I'm 82 years of age. I'm pretty sure I'm retired, but less sure of how and when that happened. Maybe the better question is, "How often have I retired". I looked up the word retirement and the definition I like best is: "withdraw to and from a particular activity." "Wow", I thought, "I've done that a lot of times. It describes me."
As an architect, at 29 I formed a multi-state company which designed building complexes in the Eastern U.S. After two decades I turned the company over to associates. Six years after the first beginning I created a company that engaged, through partnerships, in owning large scale buildings. It grew into a successful venture, but at age 55 I wearied of that as well. I created lesser ventures and served on several boards of private and public corporations. Then that bored me. Come to think of it I earned my last degree at 65, and left academia for good, and I stopped my 60 year pursuit of tennis rankings at age 76. So what are all these departures called?
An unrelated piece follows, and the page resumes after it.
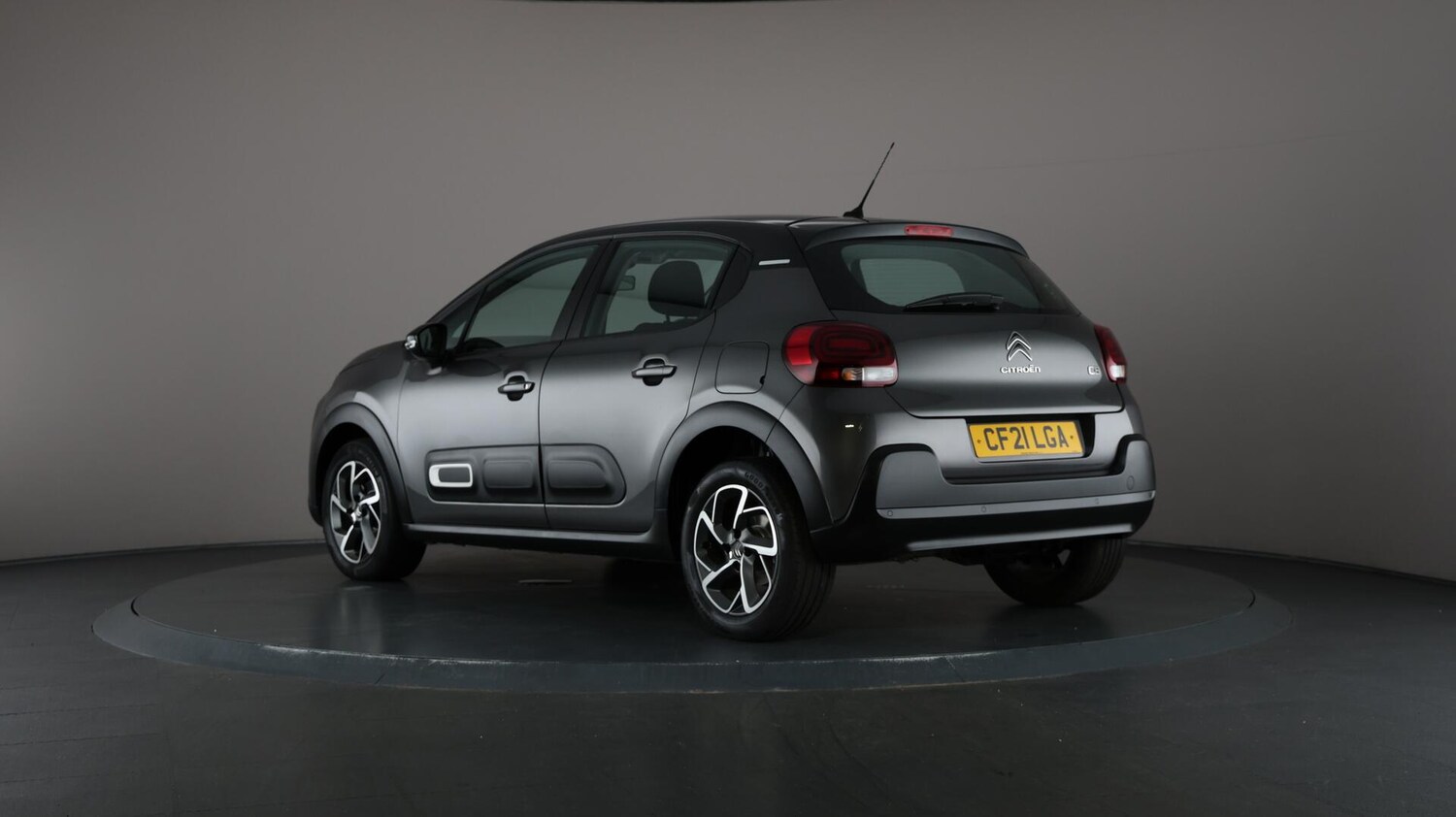 Used Citroen C3 2021 for sale - 76084168: Photo 74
Unable to decide whether I am retired or just someone with a short attention span, I examined these experiences looking for a common thread. Then I discovered the common thread woven throughout my various career pursuits. It is "COMPETITION." Whether for grades, points, money, prestige, a mate, honors, a ranking...every activity from which I retired was filled with competition. And in the decades I refer to, every bit of this competition I was engaged in was with, or against men. It is this competition with men from which I retired.
This retirement led me to new experiences, including a particularly unique adventure in a men's group that flies under the flag, "Men's Wisdom Works". The emotional environment of this group of 11 encourages men to invest in mutual levels of trust that lead to an exchange of views and experiences in ways which foster well-being in men.
Any semblance of intentional therapy is purposely avoided, but there is no doubt that what is gained by the men in the bi-monthly meetings and our spontaneous and enjoyable breakfast gatherings contains the power of significant change. Out of our shared reflections we receive insights into the strengths, fears, unspoken wishes and disappointments, and shortcomings and successes that we each struggled with, or achieved. We come to know each other not as the WHO or WHAT we have tended, as adults, to present ourselves as, but THE ONE WITHIN that we are. It is a safe process for discovery because we men are not competing.